Carlo is right about identifying the need for leadership, because currently we do not have effective leadership. Those who know better have long figured out that they have to strike out on their own to be successful.

The NYWGF has an impossible mission and must be all things to all people. As such it cannot be very useful at providing strong transformational leadership, in spite of the many useful little programs that it has developed over the years.

The wine trails are ineffective as they spend most of their budget on salaries and have no play money. And their budget is too small to attract highly qualified promoters/marketers.

So Where Do We Go From Here?
The NYWGF must be reformed and adopt the concept of zero based budgeting. All the nice-to-have but strategically unimportant programs must be dropped. Even though it has organized good education programs, that mission belongs to Cornell which should take up that task. The NYWGF should stop funding the trails and use all of its funds (whatever is left) to do one thing but only one thing and do it well. My vote is to "Change the image of New York Wine" to match what the critic are saying.

Perhaps in year one and with the recently limited budget it should use the money to hire a professional firm to develop the blue print for an effective PR campaign and put it out to bid. If it comes out with a credible program then it can use the suggestion I make below. The trails can fund themselves if they want. And if they choose to shut down their staff will be easily placed in the wineries.

The NYWGF should devote itself to doing what none of the trails can do by itself and that is to put New York wine on the map.

The industry needs to wake up and learn marketing and selling. With that here is a suggestion: Every winery spends a few thousand dollars on advertising in obscure media that has almost no impact. If all three hundred wineries in New York would contribute $5,000 per year ( the average advertising budget?) for three years to a professional PR campaign that would positively change the image of New York wine, a successful campaign might raise the demand for New York wine.

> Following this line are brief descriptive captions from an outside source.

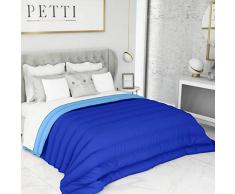 PETTI Artigiani Italiani - Couette, Edredon, Bleu, Couette 240x260, Couette 2 Personne, Couette Lit Double, Couette Hiver, Couette Double Face, 100% Made in Italy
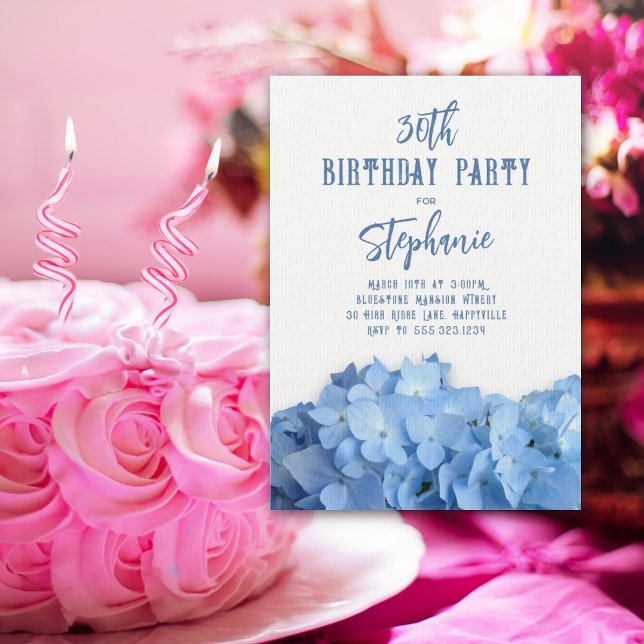 Blue Hydrangea Birthday Party for Her Invitation (Creator Uploaded)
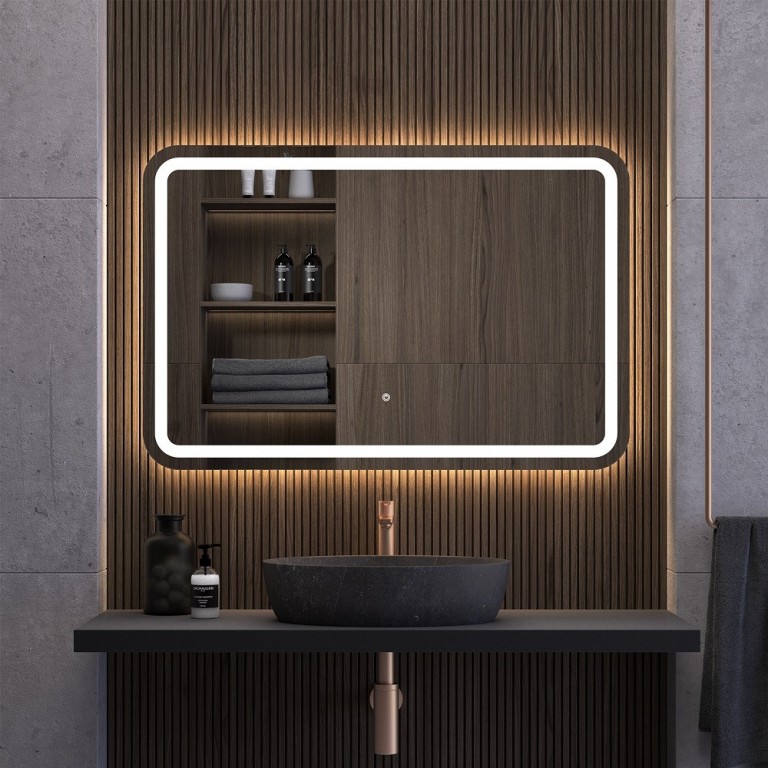 Espejo De Baño Rectangular Con Luz LED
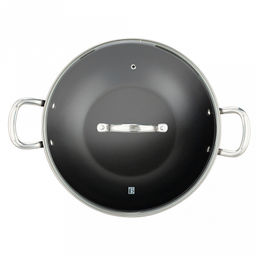 Сковорода Вок с антипригарным покрытием д30см Итан h6,5см, s3,3мм, дно д17см, s4мм, кованный алюминий, стеклянная крышка с пароотводом, 2 ручки из нержавеющей стали на клепочном креплении, цветная коробка, TalleR (Китай) - Домашняя мода фото 3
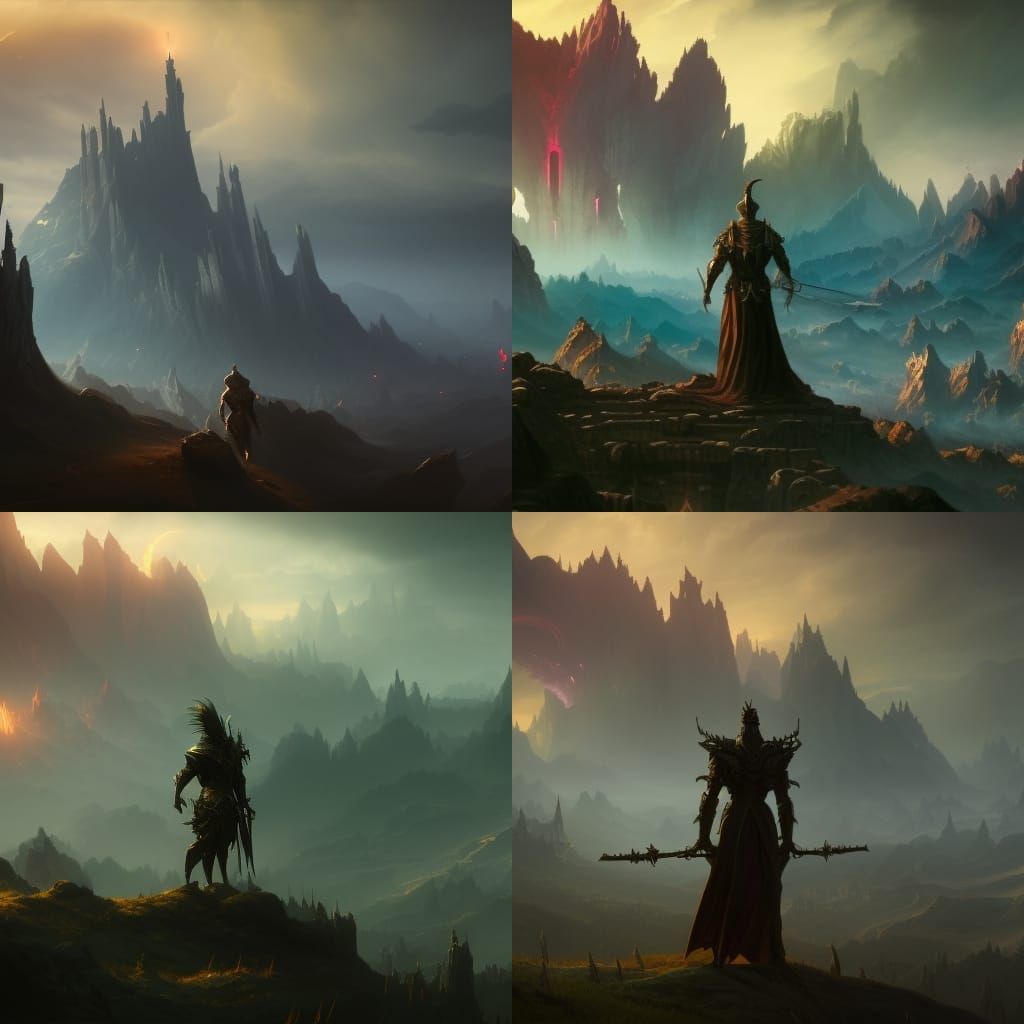 Dark Conqueror Overlooking Horizon in Detailed Matte Paintin...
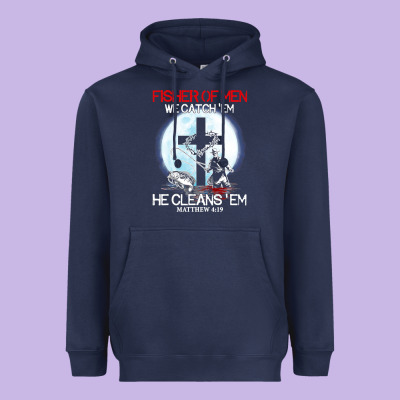 Fisher Of Men We Catch  Em He Cleans  Em Matthew 4 19 Heavyweight Hoodie Designed By Craftify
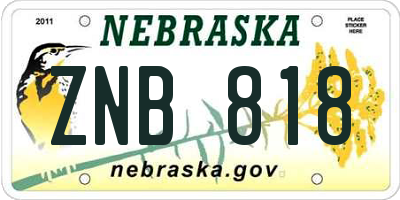 NE license plate ZNB818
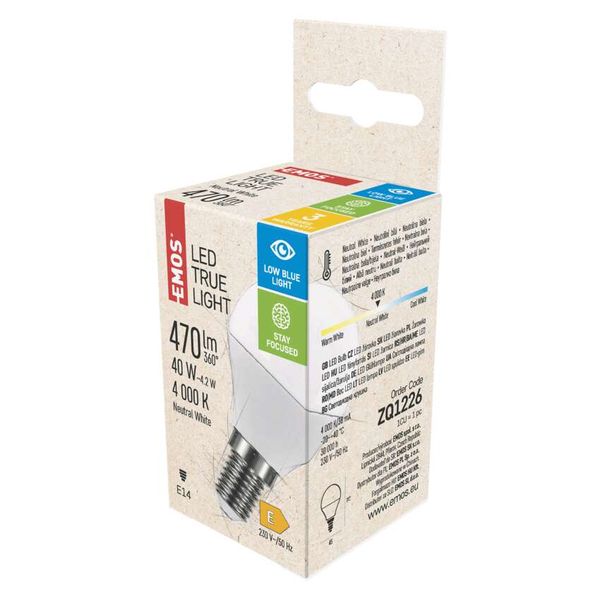 LED bulb True Light Mini Globe / E14 / 4.2 W (40 W) / 470 lm / neutral white image 1
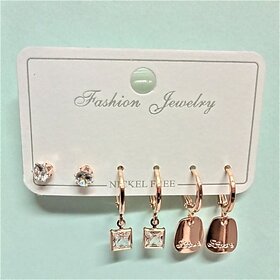 Charming Korean Style Fashionable Jewellery Pack Of 3 Pairs Crystal Stainless Steel Earring Set, Drops And Danglers, Stud Earring, Huggie Earring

If then this allows a winery to raise its average bottle price by one dollar, a 10K case winery will have added $120,000 in net income at the end of year three and every year thereafter. It looks like an investment that cannot be ignored.

Yet I doubt that wineries have the self confidence to make such a commitment and I am not holding my breath.

No one will give such a sum unless there is a credible plan that justifies such an investment. That is the opportunity that the NYWGF has. Will it seize it?

Self reliance in the meantime is the best formula and perhaps some day someone else will have better luck at energizing the wineries of New York to see that they have a great opportunity.